Устроившись на сидении, Ментик вынул фотографии из барсетки:
— Всё, что за четыре дня отщёлкал. Общительный он, сволочь. Я снимал всех: и мужчин, и женщин.
— Где он работает? — спросил Хирург, перебирая фотографии.
— Значит так: Максим Шоларь, тридцать шесть лет, женат, родился в Днепропетровске, в Севастополь переехал в конце девяностых, в криминальных кругах известен под погонялом Шило, с бандитизмом завязал, законопослушный гражданин, преуспевающий бизнесмен, хозяин автосалона «Мерседес».
— Родственники? — Хирург отложил несколько снимков, где были подозрительные личности, подходившие по приметам.
— У него две родные сестры, двоюродных братьев и сестёр должно быть много.
— Занимается ли его салон прокатом машин?
— Нет, насколько я понял, — Ментик глянул на отобранные фотографии. — Ну, среди них есть тот, кто тебя интересует?
— Не знаю.
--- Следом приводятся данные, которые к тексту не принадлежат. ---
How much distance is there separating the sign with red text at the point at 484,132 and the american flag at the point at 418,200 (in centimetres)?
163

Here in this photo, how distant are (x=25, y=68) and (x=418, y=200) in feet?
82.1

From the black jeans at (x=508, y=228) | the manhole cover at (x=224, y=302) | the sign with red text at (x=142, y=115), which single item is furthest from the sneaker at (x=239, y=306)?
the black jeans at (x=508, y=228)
Я же говорил…
— Ах да, вспомнил: женщина просила.
— Покажу ей и свяжусь с тобой. Держи обещанное.
Ментик сунул деньги в барсетку.
— Тогда до связи? — он елейно улыбнулся, уходя.
Полковник решил бы этот вопрос быстрее. Он бы и Шоларя прессанул — нашёл бы, за какие ниточки дёрнуть. Теперь самому приходится выкручиваться — не обзавёлся друзьями в райотделе. Нужно заполнить этот пробел. Вот только Полковника никто не заменит.
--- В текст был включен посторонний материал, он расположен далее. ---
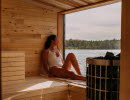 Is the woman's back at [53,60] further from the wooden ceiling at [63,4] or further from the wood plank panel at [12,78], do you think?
the wooden ceiling at [63,4]

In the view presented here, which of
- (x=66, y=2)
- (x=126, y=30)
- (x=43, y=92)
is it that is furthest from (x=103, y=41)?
(x=126, y=30)

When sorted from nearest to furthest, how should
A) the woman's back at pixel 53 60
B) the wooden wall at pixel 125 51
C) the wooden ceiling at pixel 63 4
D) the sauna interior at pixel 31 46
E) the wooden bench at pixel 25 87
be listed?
the wooden wall at pixel 125 51 → the wooden bench at pixel 25 87 → the sauna interior at pixel 31 46 → the wooden ceiling at pixel 63 4 → the woman's back at pixel 53 60

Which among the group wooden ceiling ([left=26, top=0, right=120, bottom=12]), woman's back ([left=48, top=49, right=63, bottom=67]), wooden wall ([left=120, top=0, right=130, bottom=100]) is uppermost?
wooden ceiling ([left=26, top=0, right=120, bottom=12])

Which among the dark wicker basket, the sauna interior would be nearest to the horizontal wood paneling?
the sauna interior

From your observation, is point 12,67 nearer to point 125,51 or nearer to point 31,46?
point 31,46

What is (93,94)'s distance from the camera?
1.49m

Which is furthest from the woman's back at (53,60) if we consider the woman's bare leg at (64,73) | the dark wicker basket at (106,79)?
the dark wicker basket at (106,79)

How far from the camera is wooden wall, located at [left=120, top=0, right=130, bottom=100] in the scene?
0.69 metres

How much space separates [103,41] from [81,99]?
1327 millimetres

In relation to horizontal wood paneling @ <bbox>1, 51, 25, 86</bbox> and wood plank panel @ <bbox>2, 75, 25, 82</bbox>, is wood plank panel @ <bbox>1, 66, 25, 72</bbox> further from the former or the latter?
wood plank panel @ <bbox>2, 75, 25, 82</bbox>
Побродив по рынку и купив для Ольги арбуз, он вернулся на пятачок возле автостоянки, где его ждал Алексей — хелпер Полковника. Алексея он видел пару раз мельком — в памяти остался только образ. Похоже, мужчина в странном головном уборе, напоминающем пилотку, он и есть.
— Извините, вы Алексей?
— А? — он близоруко прищурился. — Да, а вы — Эдуард. Извините, не узнал.